= Maurice Ruddick =

Survivor of the 1958 Springhill Nova Scotia Mining Disaster

Maurice A. Ruddick (1912-1988) was an Afro-Canadian miner and a survivor of the 1958 Springhill Mining Disaster, an underground earthquake, or "bump" as the miners call it, in the Springhill mine in Cumberland County, Nova Scotia. He was chosen as Canada's "Citizen of the Year". Ruddick and six others were trapped 4000 feet underground, and were there for nine days. Ruddick cheered his comrades with his singing, and the mother of one of the miners later declared "If it wasn't for Maurice, they'd all have been dead."

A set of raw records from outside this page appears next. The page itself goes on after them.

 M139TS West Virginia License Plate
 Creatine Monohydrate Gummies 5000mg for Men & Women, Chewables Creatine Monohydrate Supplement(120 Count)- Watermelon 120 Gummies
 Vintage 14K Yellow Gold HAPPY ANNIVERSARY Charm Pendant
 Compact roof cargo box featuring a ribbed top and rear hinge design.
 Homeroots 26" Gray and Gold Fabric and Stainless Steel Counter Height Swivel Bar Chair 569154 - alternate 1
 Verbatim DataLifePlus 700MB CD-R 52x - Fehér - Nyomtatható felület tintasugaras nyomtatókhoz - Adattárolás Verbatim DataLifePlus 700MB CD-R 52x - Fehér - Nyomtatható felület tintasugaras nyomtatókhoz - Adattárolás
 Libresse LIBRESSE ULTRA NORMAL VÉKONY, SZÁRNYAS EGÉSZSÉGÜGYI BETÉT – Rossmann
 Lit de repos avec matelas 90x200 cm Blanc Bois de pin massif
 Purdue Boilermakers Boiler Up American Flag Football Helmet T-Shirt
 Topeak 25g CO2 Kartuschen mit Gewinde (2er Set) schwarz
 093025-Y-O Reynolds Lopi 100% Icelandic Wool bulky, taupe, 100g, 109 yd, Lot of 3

The disaster attracted international media attention. The Governor of the State of Georgia, Marvin Griffin (Democratic), invited nineteen of the survivors to vacation at one of his state's luxurious resorts, Jekyll Island, usually reserved for millionaires. This was in the Deep South in the time of Jim Crow laws, i.e. strict segregation between black and white people. When he discovered that one of the miners was black, Griffin said that Ruddick would have to be segregated from the others. When the miners heard this, they were reluctant to accept the offer, but Ruddick agreed to go on the Governor's terms, knowing how much the others really wanted the vacation. Ruddick, his wife, and the four of his twelve children who accompanied him on the trip all stayed in a separate area of the island, in trailers built by Griffin especially for the occasion, and attended separate ceremonies from the white miners.

Maurice Ruddick died in 1988. He is buried in Hillside Cemetery.

His daughter, folk singer Val MacDonald, recorded a song that he composed in the mine, "The Springhill Mine Disaster Song."

He was featured in a Canadian Heritage Minute.

A musical written called "Beneath Springhill: The Maurice Ruddick Story" by Beau Dixon with Lyrics and Music by Rob Fortin and Susan Newman was created and played at the 1000 Islands Playhouse in Gananoque, Ontario Canada.